Existing workflows are often split across:
- CAD tools that are too heavy for simple planning
- spreadsheets for the bill of materials
- manual sketches for positioning
- separate notes for cabling
Vision
code.it Rack Planner should be a browser-based planning platform where users can:
- create and save rack layouts online
- visually place and move rack components
- load manufacturer-specific or custom components as plugins
- generate a bill of materials automatically
- estimate cable lengths between ports or devices
Target users
- system integrators
- installers
- IT administrators
- AV and media technicians
- control cabinet / small infrastructure planners
- organizations documenting existing rack installations
Primary use cases
- Plan a new
19"network rack with switch, patch panel, PDU, UPS, shelves, and servers. - Plan a compact
10"wall rack for small office or edge installations. - Compare multiple rack variants with different hardware selections.
- Export a bill of materials for ordering.
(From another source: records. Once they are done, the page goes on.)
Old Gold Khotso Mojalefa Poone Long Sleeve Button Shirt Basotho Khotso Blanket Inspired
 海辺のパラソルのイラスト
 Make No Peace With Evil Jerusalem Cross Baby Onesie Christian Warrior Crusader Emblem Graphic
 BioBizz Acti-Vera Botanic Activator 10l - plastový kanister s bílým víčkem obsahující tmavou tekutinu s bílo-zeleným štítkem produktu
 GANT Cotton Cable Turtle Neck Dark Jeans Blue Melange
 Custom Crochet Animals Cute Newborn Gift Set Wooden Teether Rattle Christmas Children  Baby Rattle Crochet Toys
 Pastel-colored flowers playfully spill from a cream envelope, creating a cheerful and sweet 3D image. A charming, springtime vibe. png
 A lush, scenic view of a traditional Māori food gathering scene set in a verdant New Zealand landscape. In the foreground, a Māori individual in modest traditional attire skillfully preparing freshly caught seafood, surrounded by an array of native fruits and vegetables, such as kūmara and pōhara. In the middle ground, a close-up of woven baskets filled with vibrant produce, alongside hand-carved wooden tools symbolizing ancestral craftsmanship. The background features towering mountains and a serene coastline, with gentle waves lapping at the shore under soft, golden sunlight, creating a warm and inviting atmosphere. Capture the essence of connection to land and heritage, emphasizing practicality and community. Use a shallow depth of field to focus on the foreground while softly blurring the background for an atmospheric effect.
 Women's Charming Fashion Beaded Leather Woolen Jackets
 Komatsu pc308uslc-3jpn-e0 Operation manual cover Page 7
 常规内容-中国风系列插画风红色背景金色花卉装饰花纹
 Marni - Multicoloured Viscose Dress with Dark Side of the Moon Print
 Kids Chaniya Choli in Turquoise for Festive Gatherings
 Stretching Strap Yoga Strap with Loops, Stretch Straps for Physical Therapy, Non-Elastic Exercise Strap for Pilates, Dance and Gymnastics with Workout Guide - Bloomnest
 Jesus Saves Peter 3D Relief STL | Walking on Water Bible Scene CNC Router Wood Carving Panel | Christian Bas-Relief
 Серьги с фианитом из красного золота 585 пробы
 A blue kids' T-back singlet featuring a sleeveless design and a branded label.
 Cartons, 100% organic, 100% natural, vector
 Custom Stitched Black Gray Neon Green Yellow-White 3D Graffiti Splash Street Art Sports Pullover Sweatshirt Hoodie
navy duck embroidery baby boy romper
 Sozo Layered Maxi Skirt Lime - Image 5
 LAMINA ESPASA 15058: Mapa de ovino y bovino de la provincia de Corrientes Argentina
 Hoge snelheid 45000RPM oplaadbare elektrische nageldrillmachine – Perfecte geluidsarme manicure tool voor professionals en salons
- Estimate patch cable and power cable lengths based on mounting positions.
Functional goals
- visual rack editor
- component catalog
- drag-and-drop placement
- snap-to-unit positioning
- collision and fit validation
- bill of materials generation
- import of additional component packs
- optional cable planning and length estimation
Non-functional goals
- runs in a modern browser
- usable on desktop first, tablet second
- clean project persistence
- suitable for public internet deployment
- secure plugin loading model
- scalable enough for many concurrent users
Scope boundary
The product should not try to replace full mechanical CAD in the first versions. The planning focus is:
- layout
- occupancy
- compatibility
- documentation
- ordering support
Mechanical precision modeling, freeform CAD editing, and simulation should remain outside the initial scope.